Sunday, January 19, 2003
Confused and Insecure - 19th January 2003, 21.20

The Observer published articles today: the first asking the opinion of designated 'prominent Britons'; the second was a more anecdotal survey of coffeehouses and pubs to air the latest views held by the public about any forthcoming war on Iraq. After reading these articles, one is convinced of the insecurity of the public and their unwillingness to decide whether a war is worthwhile.

The two firm camps on either side of the debate are well represented: the pro-war camp that argues Saddam Hussein will not be overthrown unless it is through military action. Salman Rushdie, surprisingly, provides an articulate voice of moral indignation here.

Salman Rushdie, Writer
There is a strong, even unanswerable case for a 'regime change' in Iraq that ought to unite Western public opinion and all those who care about the brutal oppression of an entire Muslim nation. Saddam Hussein and his ruthless gang of cronies from his home village of Tikrit are homicidal criminals, and their Iraq is a living hell. This obvious truth is no less true because we have been turning a blind eye to it - and 'we' includes, until recently, the government of the United States. But, as I listen to Iraqi voices describing the atrocities of the Saddam years, I am bound to say that if the US and the United Nations agree on a new Iraq resolution, then the rest of the world must stop sitting on its hands and join the Americans and British in ridding the world of this vile despot and his cohorts.

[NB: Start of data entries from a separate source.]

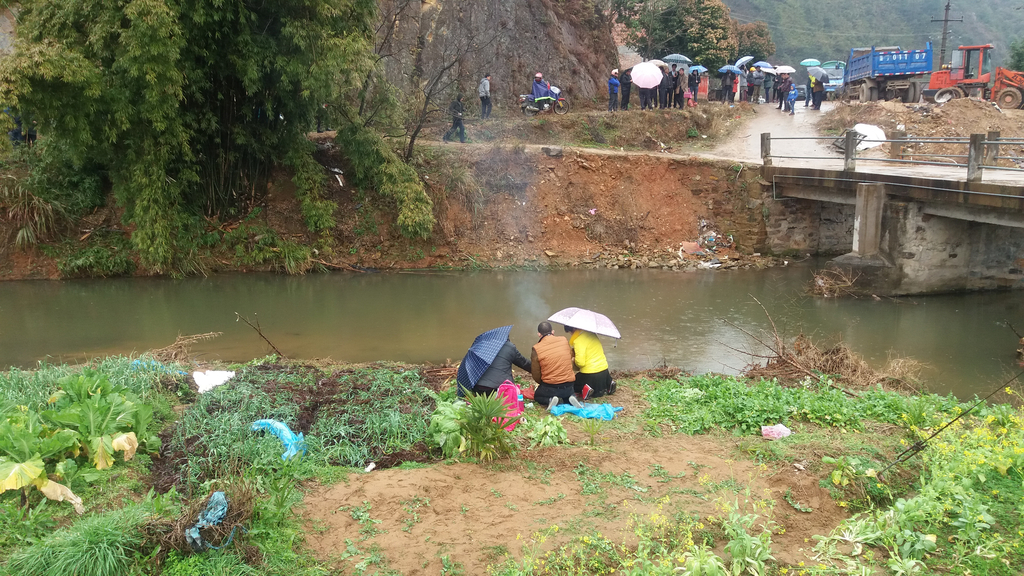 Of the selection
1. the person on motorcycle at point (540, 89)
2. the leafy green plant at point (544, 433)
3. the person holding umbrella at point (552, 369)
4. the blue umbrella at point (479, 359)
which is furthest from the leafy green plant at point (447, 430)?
the person on motorcycle at point (540, 89)

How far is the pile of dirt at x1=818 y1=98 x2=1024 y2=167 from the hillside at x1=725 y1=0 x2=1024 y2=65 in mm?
33660

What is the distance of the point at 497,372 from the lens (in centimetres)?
748

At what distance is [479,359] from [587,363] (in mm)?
1453

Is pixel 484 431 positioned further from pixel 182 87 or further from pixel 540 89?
pixel 540 89

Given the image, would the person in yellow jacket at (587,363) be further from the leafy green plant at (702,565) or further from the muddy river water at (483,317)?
the leafy green plant at (702,565)

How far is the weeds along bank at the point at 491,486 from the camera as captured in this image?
4344 mm

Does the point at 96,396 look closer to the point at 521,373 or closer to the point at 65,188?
the point at 521,373

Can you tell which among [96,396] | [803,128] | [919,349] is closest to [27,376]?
[96,396]

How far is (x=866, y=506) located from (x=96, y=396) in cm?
603

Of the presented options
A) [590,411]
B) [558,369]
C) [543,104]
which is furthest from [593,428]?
[543,104]

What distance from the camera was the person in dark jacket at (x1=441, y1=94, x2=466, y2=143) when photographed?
22.0 meters

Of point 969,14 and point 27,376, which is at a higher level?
point 969,14

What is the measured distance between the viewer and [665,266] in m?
19.4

On the other hand, the anti-war camp views the war as a vendetta for Bush to wipe out the slur on his family's honour and as an opportunity for the United States to assert its power throughout the Middle East. Martin Jacques, former Marxist, consolidates this view.

Martin Jacques, Writer
The threat of war against Iraq has nothing to do with some new-found threat and everything to do with the new era of international relations, in which the US is determined to exercise its global omnipotence in the wake of 11 September. It wants to reorder the Middle East in the cause of oil and to impose its civilisational view of the world, its contempt for those of another colour and religion barely concealed. Contemptible as the Saddam regime is, deploying such overwhelming might against such a poor people is obscene. At least in the Cold War, each superpower acted as a constraint on the other. We are returning to something that looks more like high imperialism where the most powerful nation, the US, carves up the world for its own purposes.Who says history can't go backwards - by almost a century in this case? The fact that the United States and Britain are prepared to act without a UN mandate only serves to emphasise the point.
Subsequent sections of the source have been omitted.